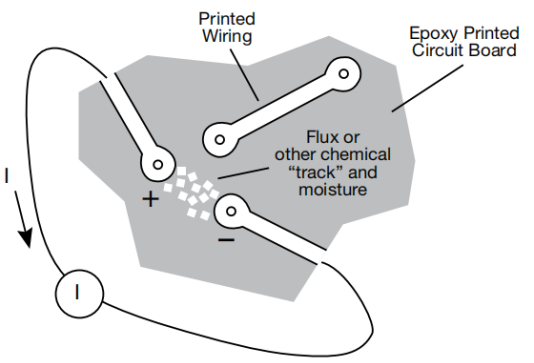 图17. 离子污染和湿度产生的电流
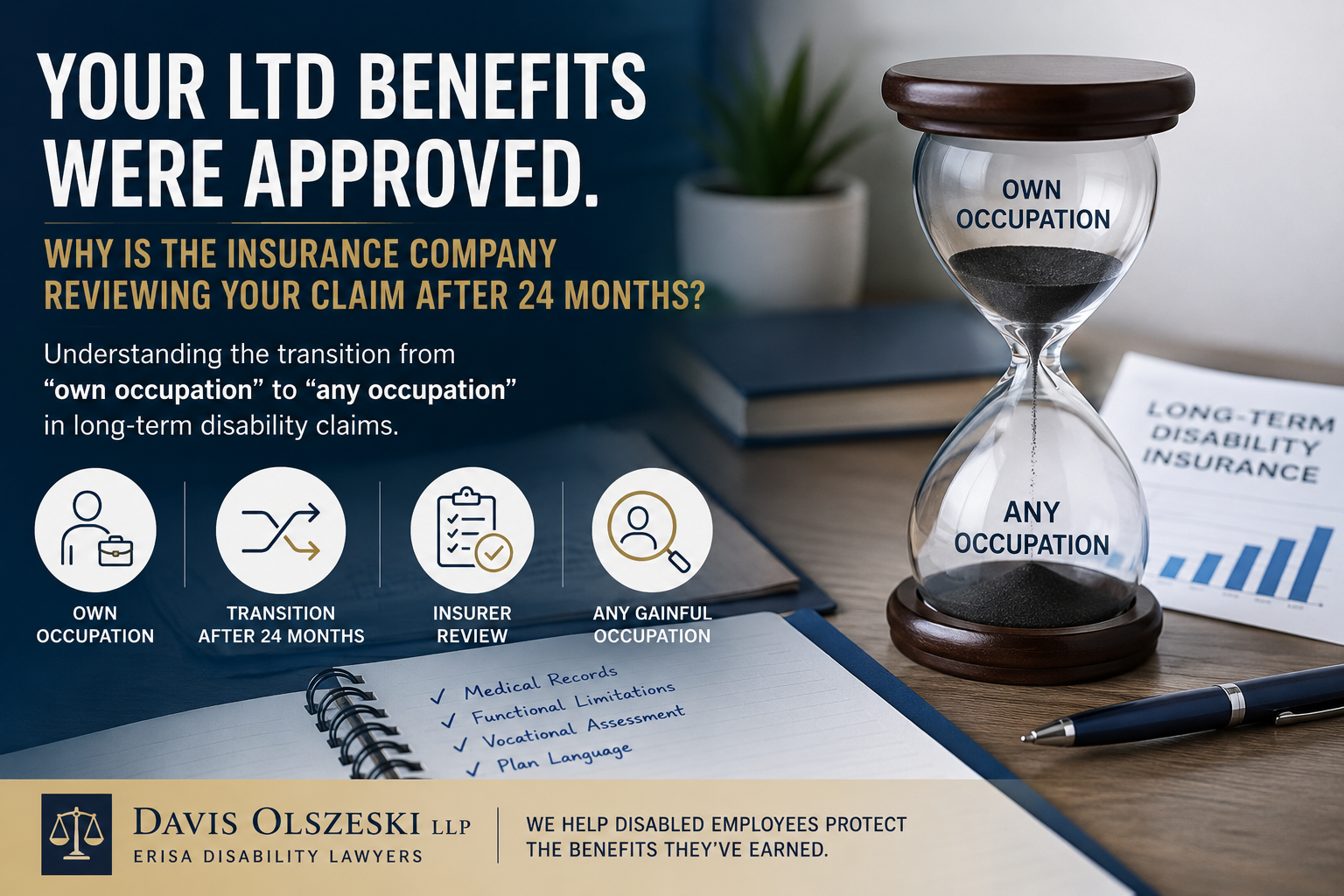 when-ltd-benefits-shift-from-own-occupation-to-any-occupation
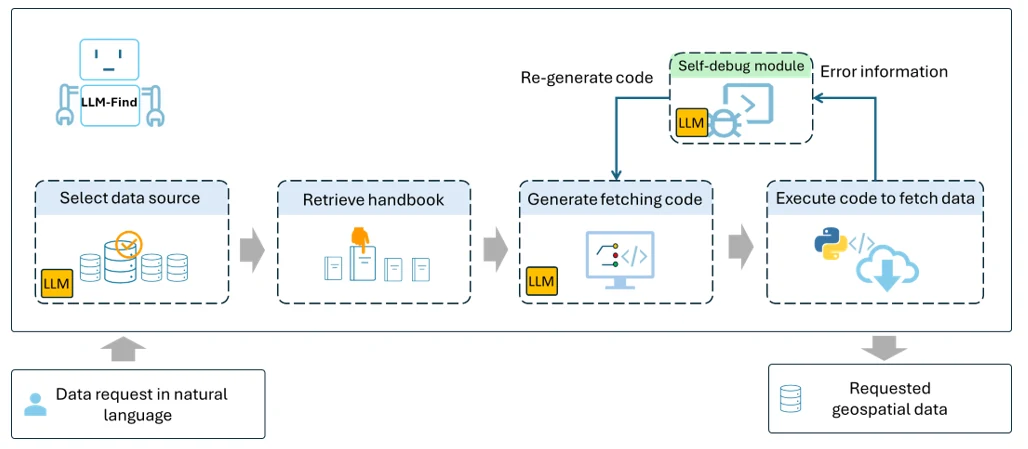 LLM-Find agent workflow: select a data source, retrieve its handbook, generate fetching code, and execute it, with a self-debug module that regenerates code on errors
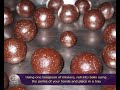 Nutty Chocolate Balls Nutty Chocolate Balls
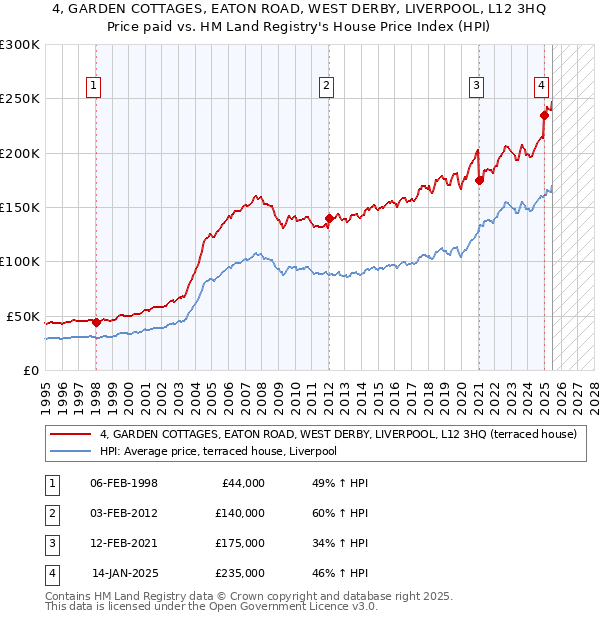 4, GARDEN COTTAGES, EATON ROAD, WEST DERBY, LIVERPOOL, L12 3HQ: Price paid vs HM Land Registry's House Price Index
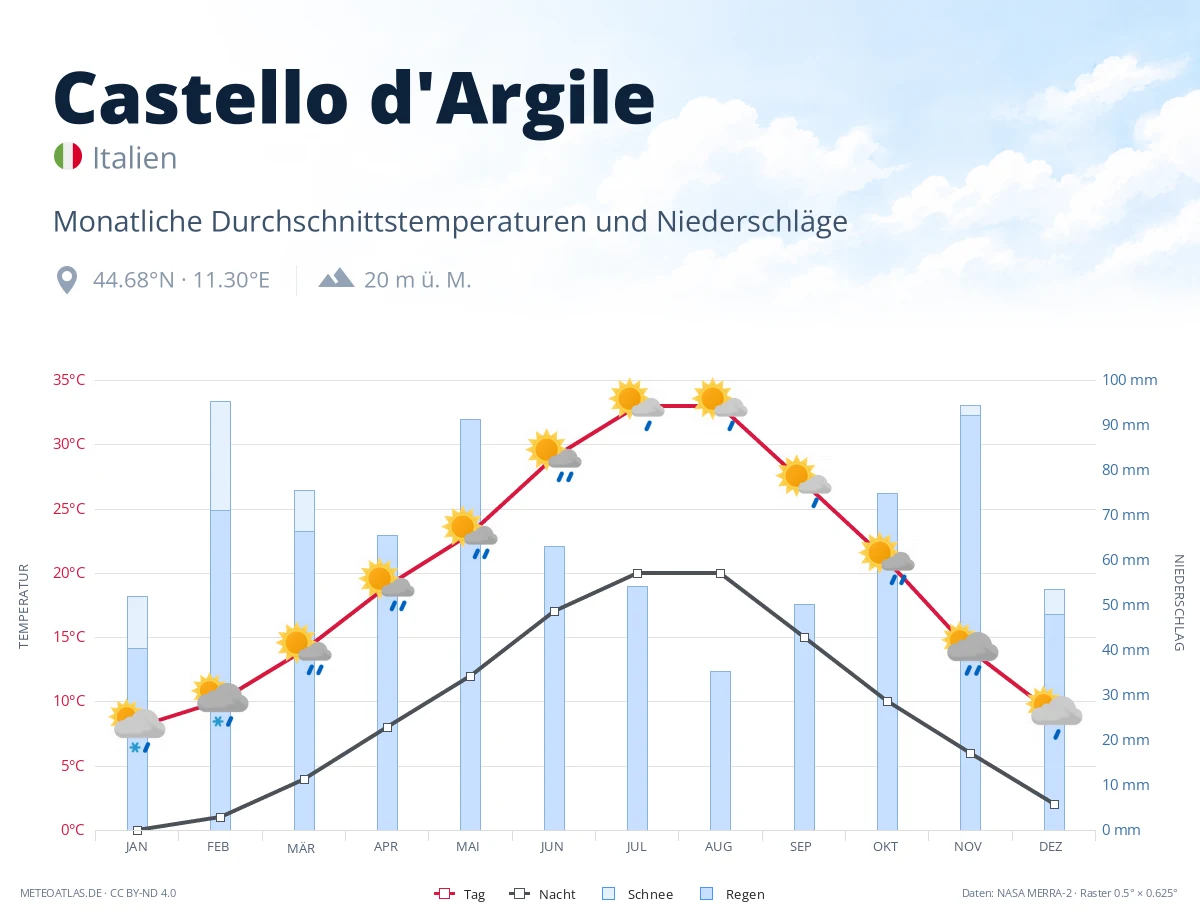 Castello d'Argile - monatliche Durchschnittstemperaturen und Niederschläge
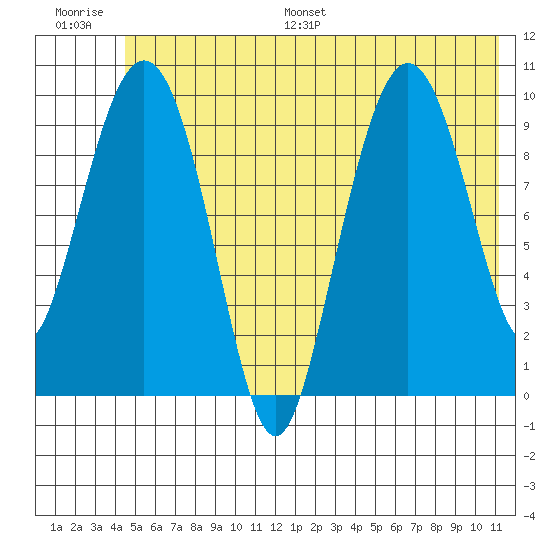 Johnstone Point tide chart for Saturday, July 8, 2023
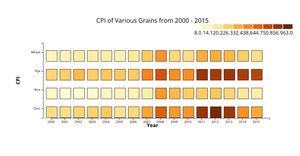 [A7] (Heat Map for Time Series Data with a Color Legend)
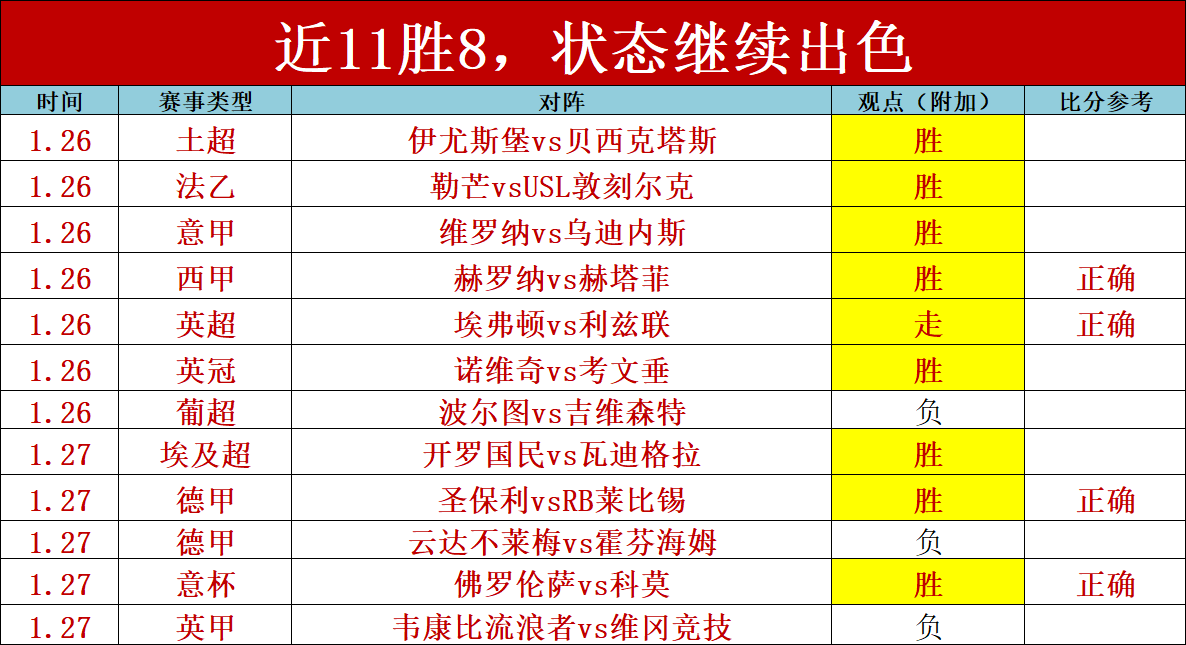 挑战巅峰,卡雷拉斯揭,秘皇马为何,千亿体育官网,千亿体育平台,千亿体育链接,千亿体育官方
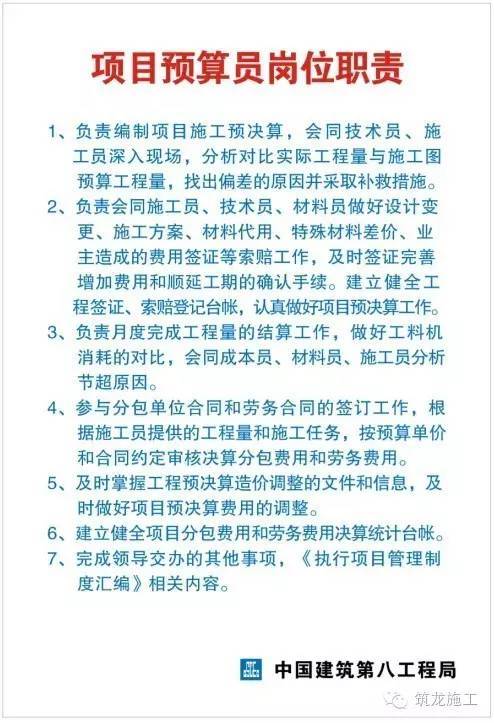 项目部全套上墙岗位职责表，必须收藏！_10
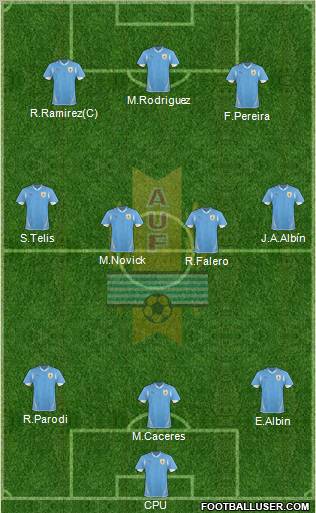 Uruguay Formation 2013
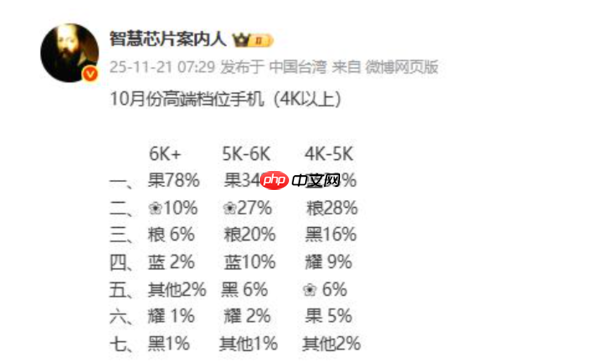 10月国内手机市场份额曝光:小米位居国产品牌第一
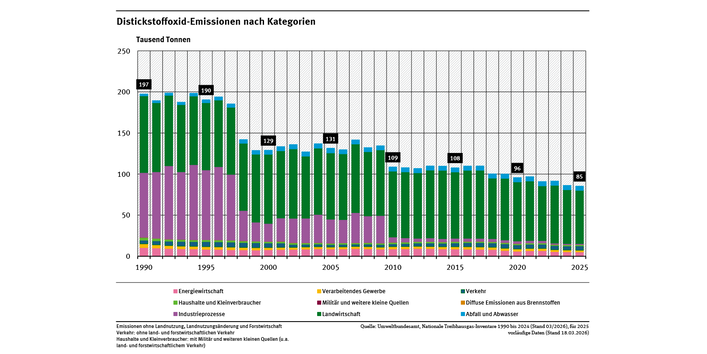 Diagramm: Stufenweise Reduktion der Distickstoffoxid -Emissionen v.a. durch die Industrieprozesse: 1990 mit 197 kt; 1. Sprung 1997 – 1998 (185 auf 142 kt); 2. Sprung 2009 – 2010 (134 auf 109 kt); danach 2018 bis 2024 ein kontinuierlicher Rückgang (110 auf 85 kt).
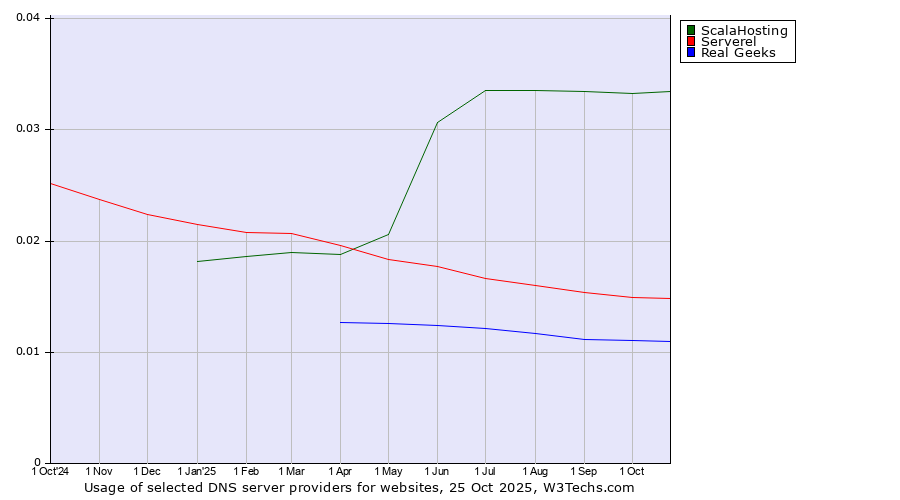 Historical trends in the usage of ScalaHosting vs. Serverel vs. Real Geeks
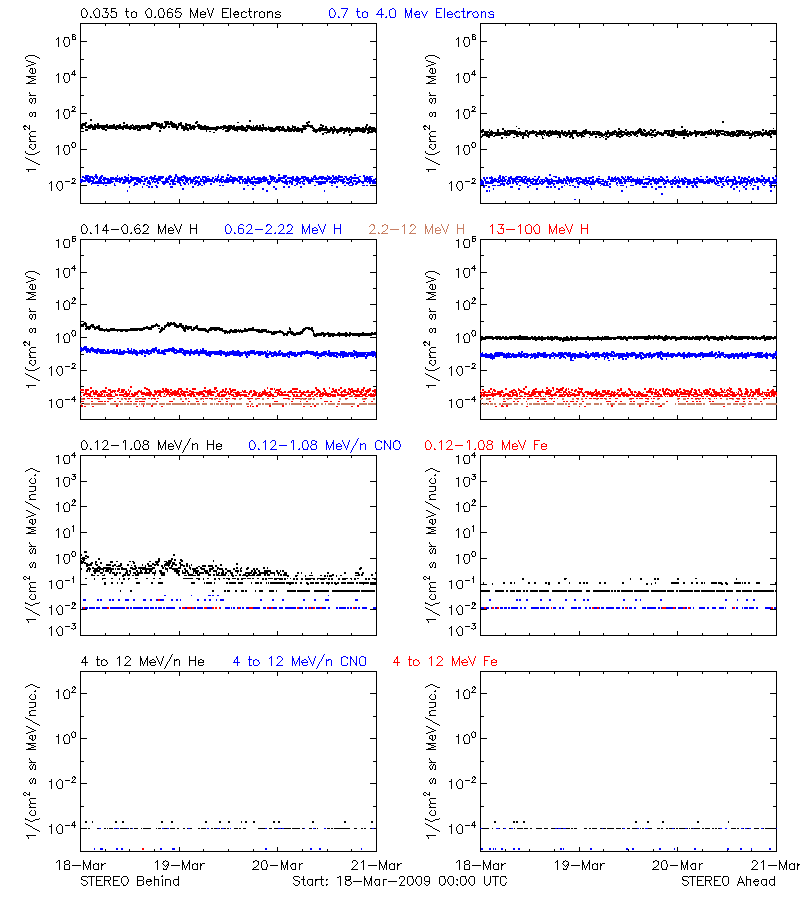 solar energetic particles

» **DIRECTIONS FOR THIS TASK**: An unchanged copy of the listing, with no pictures, should be returned.

» **REPLY**:
 图17. 离子污染和湿度产生的电流
 when-ltd-benefits-shift-from-own-occupation-to-any-occupation
 LLM-Find agent workflow: select a data source, retrieve its handbook, generate fetching code, and execute it, with a self-debug module that regenerates code on errors
 Nutty Chocolate Balls Nutty Chocolate Balls
 4, GARDEN COTTAGES, EATON ROAD, WEST DERBY, LIVERPOOL, L12 3HQ: Price paid vs HM Land Registry's House Price Index
 Castello d'Argile - monatliche Durchschnittstemperaturen und Niederschläge
 Johnstone Point tide chart for Saturday, July 8, 2023
 [A7] (Heat Map for Time Series Data with a Color Legend)
 挑战巅峰,卡雷拉斯揭,秘皇马为何,千亿体育官网,千亿体育平台,千亿体育链接,千亿体育官方
 项目部全套上墙岗位职责表，必须收藏！_10
 Uruguay Formation 2013
 10月国内手机市场份额曝光:小米位居国产品牌第一
 Diagramm: Stufenweise Reduktion der Distickstoffoxid -Emissionen v.a. durch die Industrieprozesse: 1990 mit 197 kt; 1. Sprung 1997 – 1998 (185 auf 142 kt); 2. Sprung 2009 – 2010 (134 auf 109 kt); danach 2018 bis 2024 ein kontinuierlicher Rückgang (110 auf 85 kt).
 Historical trends in the usage of ScalaHosting vs. Serverel vs. Real Geeks
 solar energetic particles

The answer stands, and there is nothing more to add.